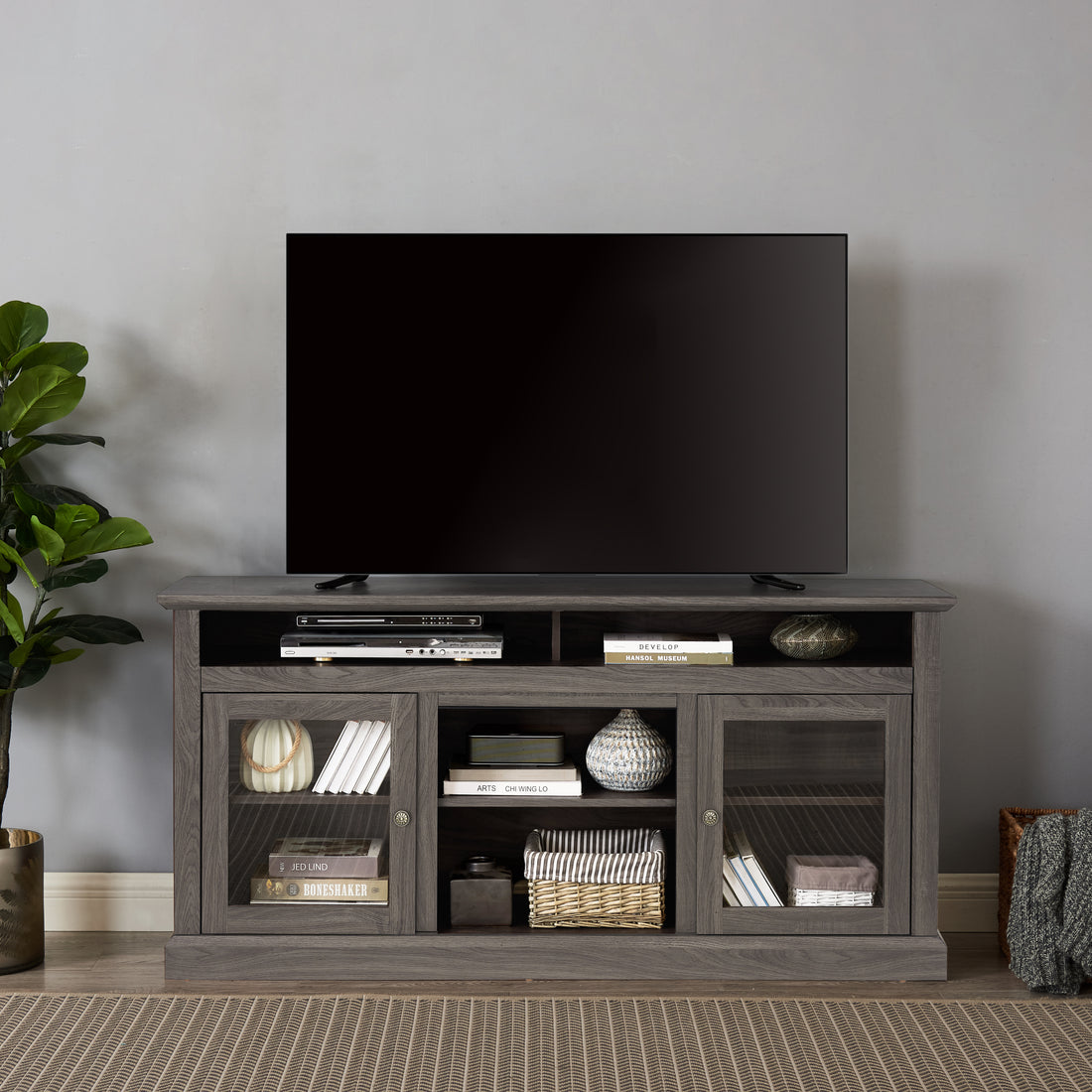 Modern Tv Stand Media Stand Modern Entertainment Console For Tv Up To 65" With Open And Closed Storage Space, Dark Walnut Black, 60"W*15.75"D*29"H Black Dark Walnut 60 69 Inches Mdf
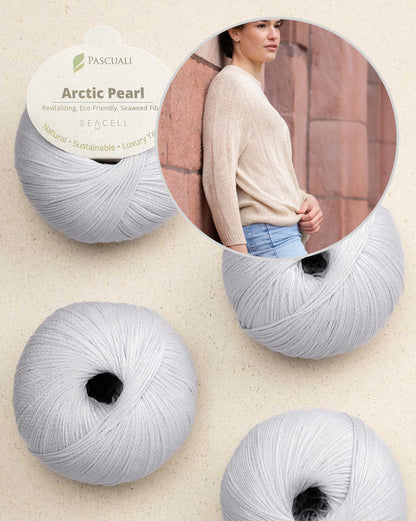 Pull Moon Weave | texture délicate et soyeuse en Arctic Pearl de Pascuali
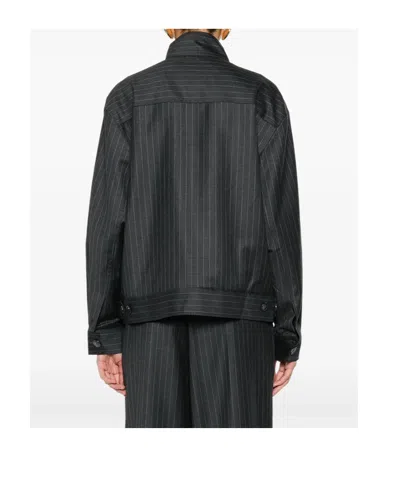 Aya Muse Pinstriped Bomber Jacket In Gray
...
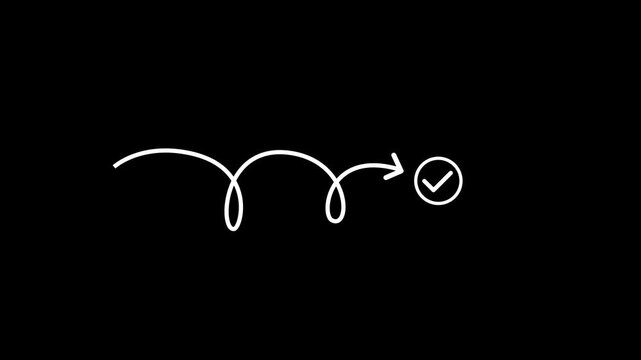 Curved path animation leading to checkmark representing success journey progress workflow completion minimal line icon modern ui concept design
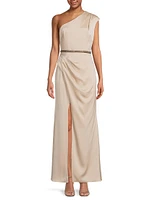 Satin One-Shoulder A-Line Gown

■ WHAT IS NEEDED
In the records above, find the line with "Modern Tv Stand" and the line with "Aya Muse Pinstriped Bomber Jacket In Gray", then restate word for word only those two lines and all lines between, omitting pictures.

■ EXERCISE ANSWER
 Modern Tv Stand Media Stand Modern Entertainment Console For Tv Up To 65" With Open And Closed Storage Space, Dark Walnut Black, 60"W*15.75"D*29"H Black Dark Walnut 60 69 Inches Mdf
 Pull Moon Weave | texture délicate et soyeuse en Arctic Pearl de Pascuali
 Aya Muse Pinstriped Bomber Jacket In Gray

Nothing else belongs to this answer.